Deux Pianos (Arnaud Desplechin, 2025)

Se déprendre de l’autre pour continuer à vivre

Mathias Vogler1, pianiste, revient dans le Lyon de son enfance après 8 ans passés au Japon. Il a été invité pour un concert à quatre mains par Elena Auden2, l’enseignante qui a fait de lui un virtuose, qui s’apprête à prendre sa retraite. À la sortie d’une réception donnée par Elena, il croise Claude Solal3, une femme dont il a été passionnément amoureux dans sa jeunesse. Dans un parc, il est attiré par le visage d’un jeune garçon, dont il s’avérera plus tard qu’il est le fils de Claude, âgé de 8 ans. Obsédé par la ressemblance de ce garçon avec l’image qu’il se fait de lui-même à cet âge, il le suit dans la ville, essaie de se renseigner, et finit par deviner qu’il est son fils biologique. C’est alors que Pierre Solal4, le mari de Claude et ancien ami intime de Mathias, meurt soudainement5. Mathias et Claude vont-ils se réunir, faire couple, reconstituer la filiation biologique du petit Simon ? Si la réponse était positive, on tomberait dans un banal récit de conjugalité positive. Ils se revoient, évoquent le passé, la courte semaine où Claude s’est partagée entre Pierre et Mathias. Ils couchent ensemble en se promettant l’un l’autre que c’est la dernière fois, puis ils se séparent. Claude reste avec son fils tandis que Mathias part à l’étranger pour un nouvel exil. C’est le thème de l’amour impossible, un thème (ou un topos) dont le cinéma raffole. Ces deux personnages tristes, égarés dans le monde, doivent se détacher pour poursuivre leur chemin, l’un du côté du piano et l’autre, qui a fait l’école du Louvre, dans la galerie de peinture dont elle hérite de son mari. Il reste à la fin du film une énigme non résolue : pourquoi, de toute évidence, ne peuvent-ils pas vivre ensemble ?

Il arrive qu’un amour soit trop grand, trop dangereux, trop difficile, qu’il soit vécu comme incompatible avec la vie. En concert, deux pianos peuvent s’entendre, même si l’entente n’est pas parfaite. Après tout ce sont les mêmes instruments, bien qu’ils soient actionnés par deux personnes différentes. Entre Elena en bout de course et Mathias en pleine dépression, il y a une différence d’âge, d’expérience, de position sociale. Ils ne peuvent pas se confondre. Entre Mathias et Claude, la relation est toute autre. Bien qu’ils ne jouent pas du même instrument, ils ont en commun quelque chose d’indicible qui les empêche de se réunir.

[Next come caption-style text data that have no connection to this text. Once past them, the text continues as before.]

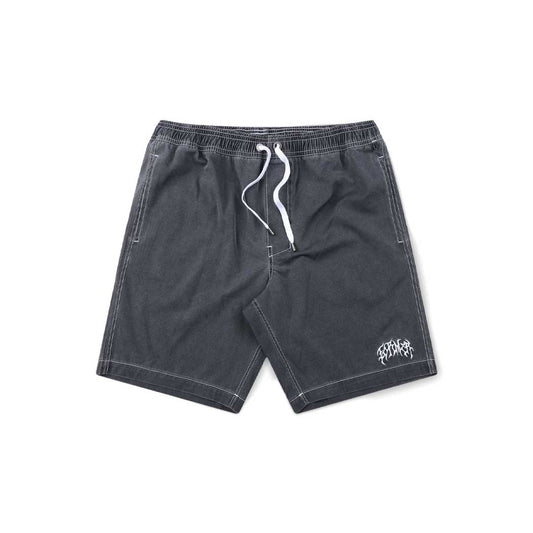 Swans 18" Swim Shorts (Black)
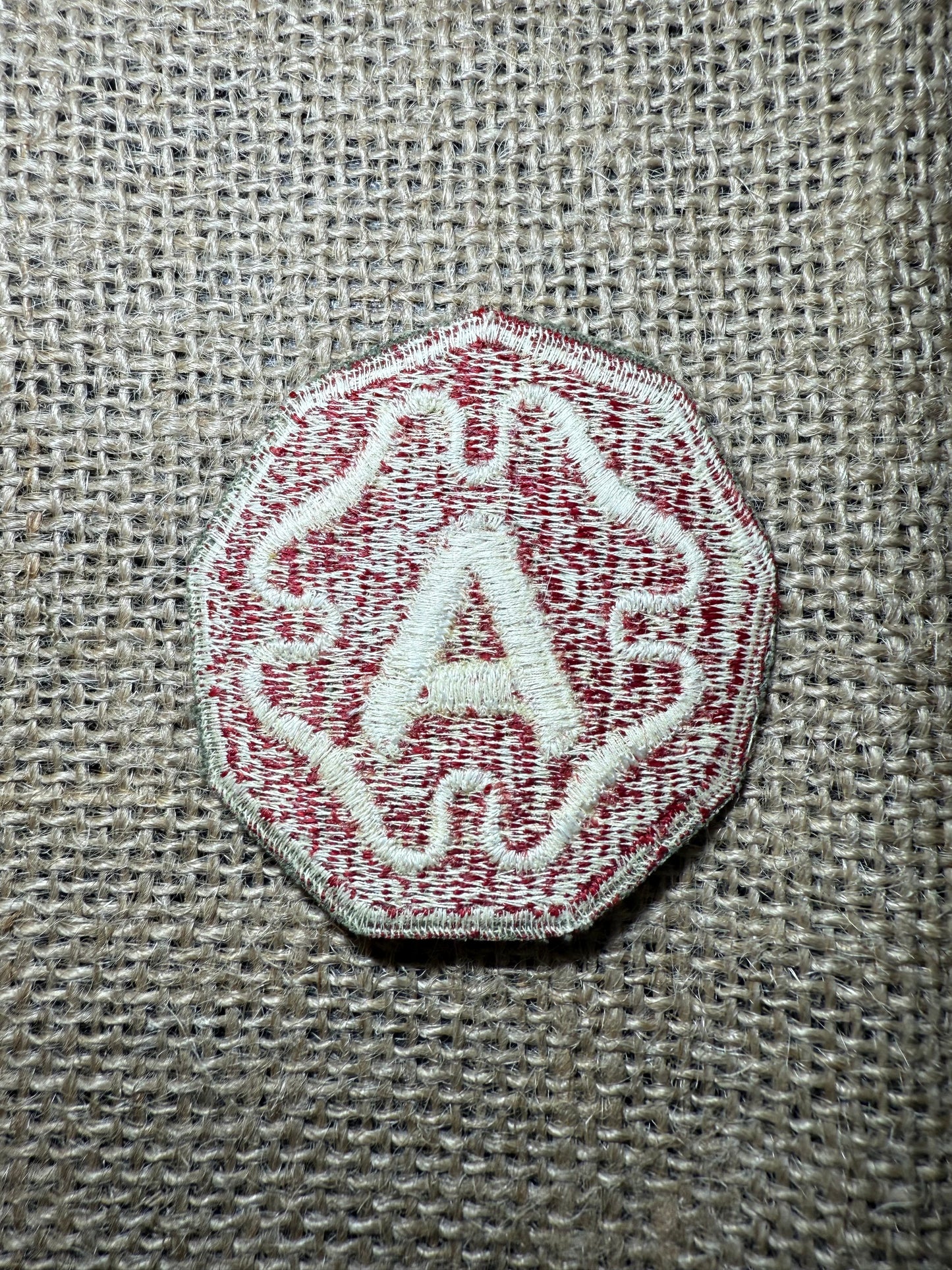 Patch US 9TH ARMY "Europe" (Ref5)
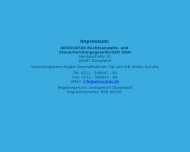 Bild ADVOCATAX Steuerberatungsgesellscha. mbH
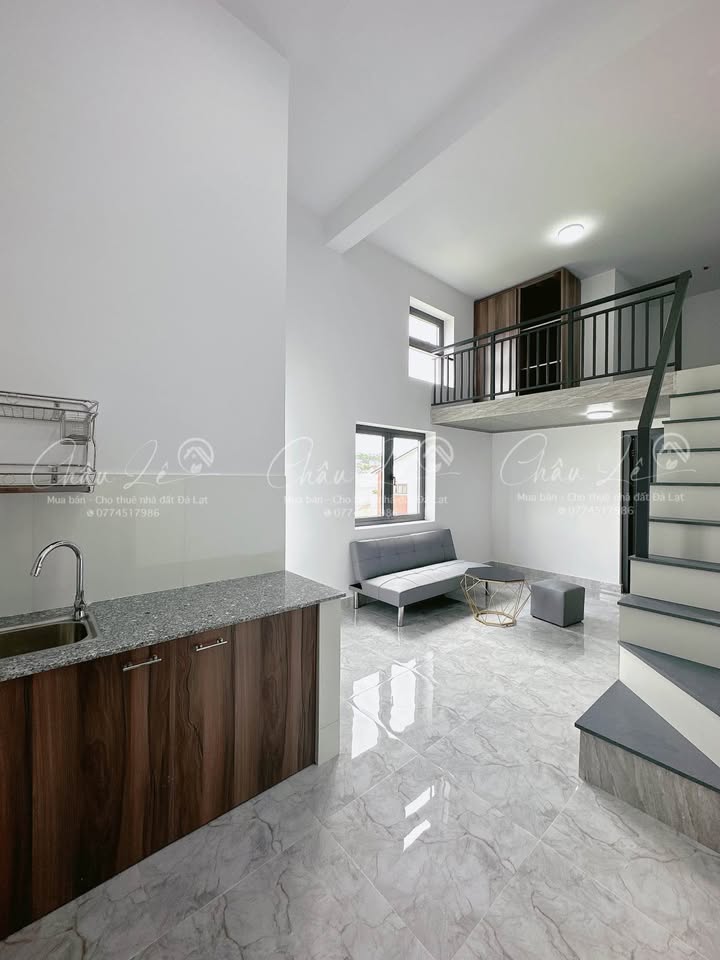 Căn hộ cho thuê đường Trần Đại Nghĩa, Đà Lạt 3.8 triệu - Full nội thất tiện nghi!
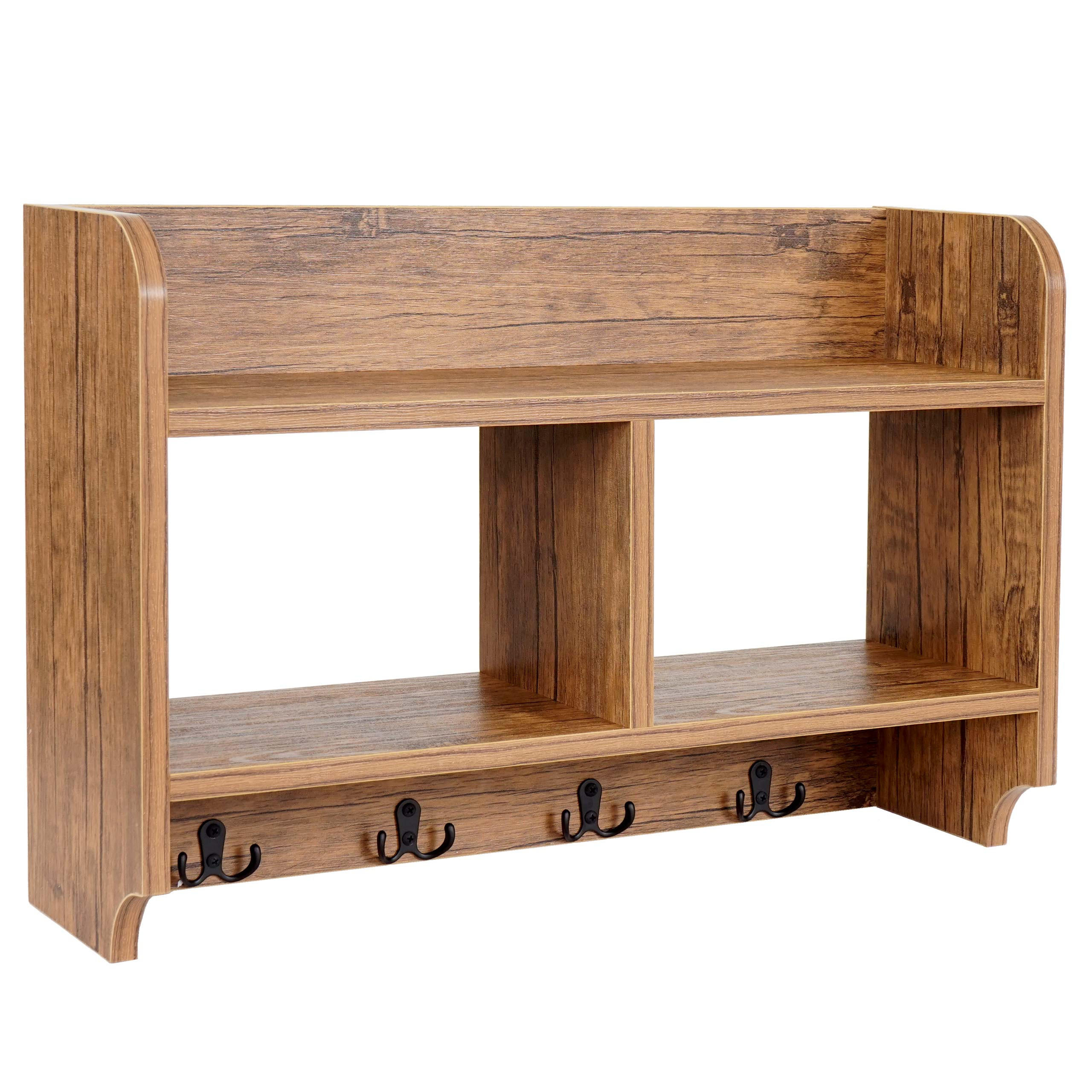 WANDGARDEROBE Wildeiche Dekor - Wildeiche, Holzwerkstoff (60/41/19cm) - MCW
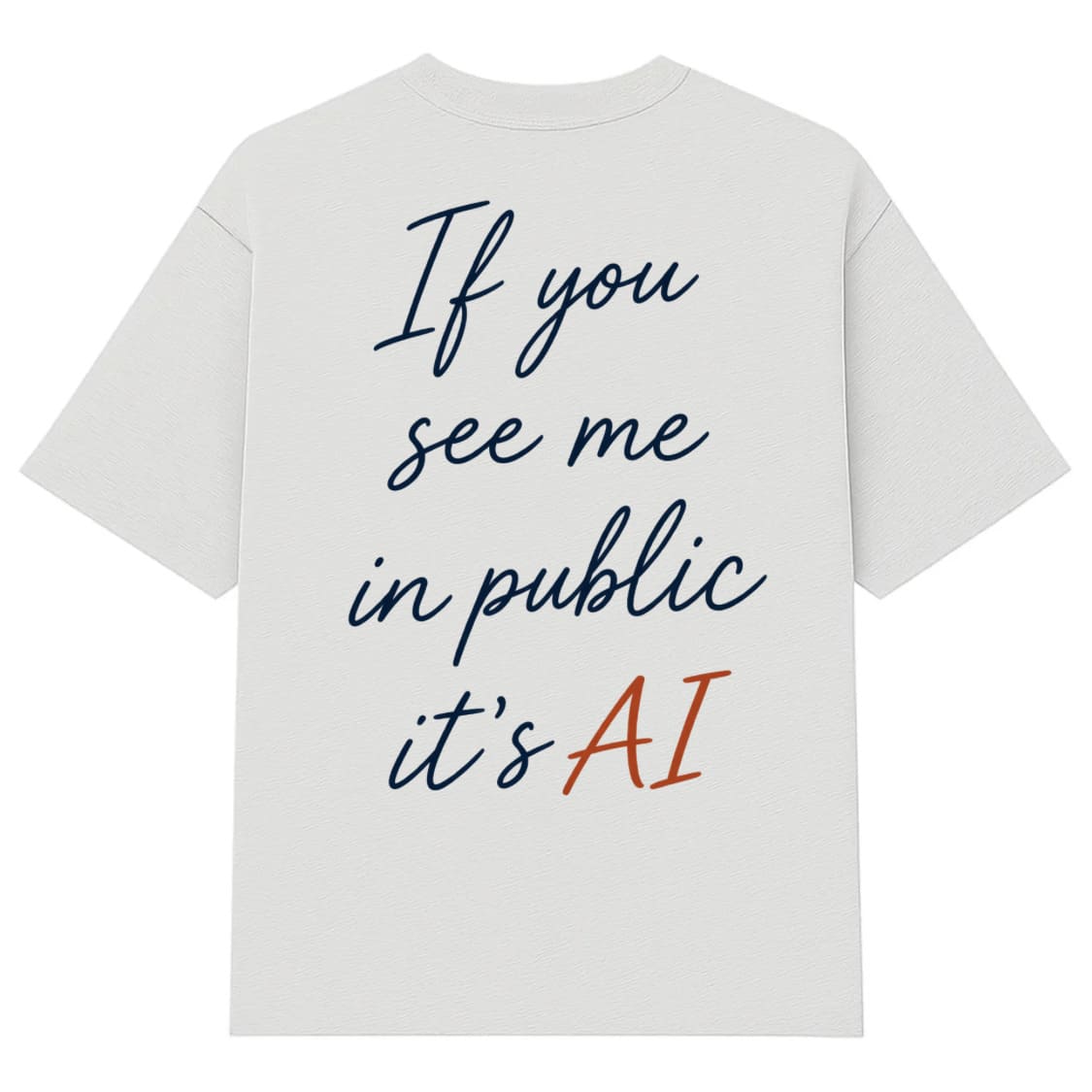 IT’S AI T-SHIRT
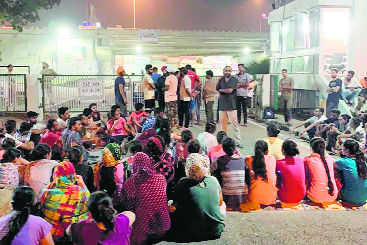 Drunk miscreants tease, assault girls at Punjabi varsity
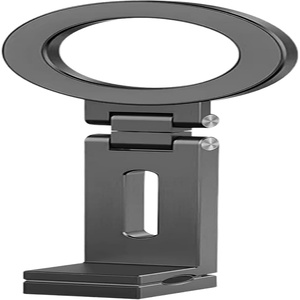 New Design Aluminum Alloy Portable Magnet <b>Phone</b> Holder Multi Functional Mini Mobile <b>Phone</b> Stand <b>for</b> Travelling - Product Image 1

Quand ils se croisent devant un ascenseur peu après le retour de Mathias, ils ressentent la même terreur et la même injonction de fuir, l’un vers l’intériorité (Mathias qui s’évanouit), l’autre vers l’extérieur (Claude qui se précipite dans la voiture de Pierre et le pousse à partir). Quel est cet élément commun ? Telle est la question irrésolue du film. On sent qu’il renvoie à une dimension archaïque, refoulée, incontrôlable, d’autant plus effrayante qu’elle est incarnée par un enfant, Simon, qui n’est pas dupe. Malgré les silences de sa mère, Simon savait depuis longtemps que Mathias, qu’il ne connaissait pas, pouvait être son père. Il est heureux de l’avoir rencontré, d’avoir passé une après-midi avec lui à la piscine, mais il n’insiste pas pour qu’il reste. Lui aussi devine que la formation d’un tel couple serait explosive. Entre ces trois personnes, un certain consensus s’est installé, qu’on peut comparer avec un autre trio de la littérature : Rodrigue, Prouèze et Marie, l’enfant que Prouèze a eu d’une autre homme dans Le Soulier de Satin, de Paul Claudel (1929). Il se trouve qu’Arnaud Desplechin a réalisé la même année, 2025, la captation de la mise en scène qu’a faite Eric Ruf de cette pièce classique du répertoire de la Comédie Française. Comme Mathias et Claude, Rodrigue et Prouèze mourront séparés. 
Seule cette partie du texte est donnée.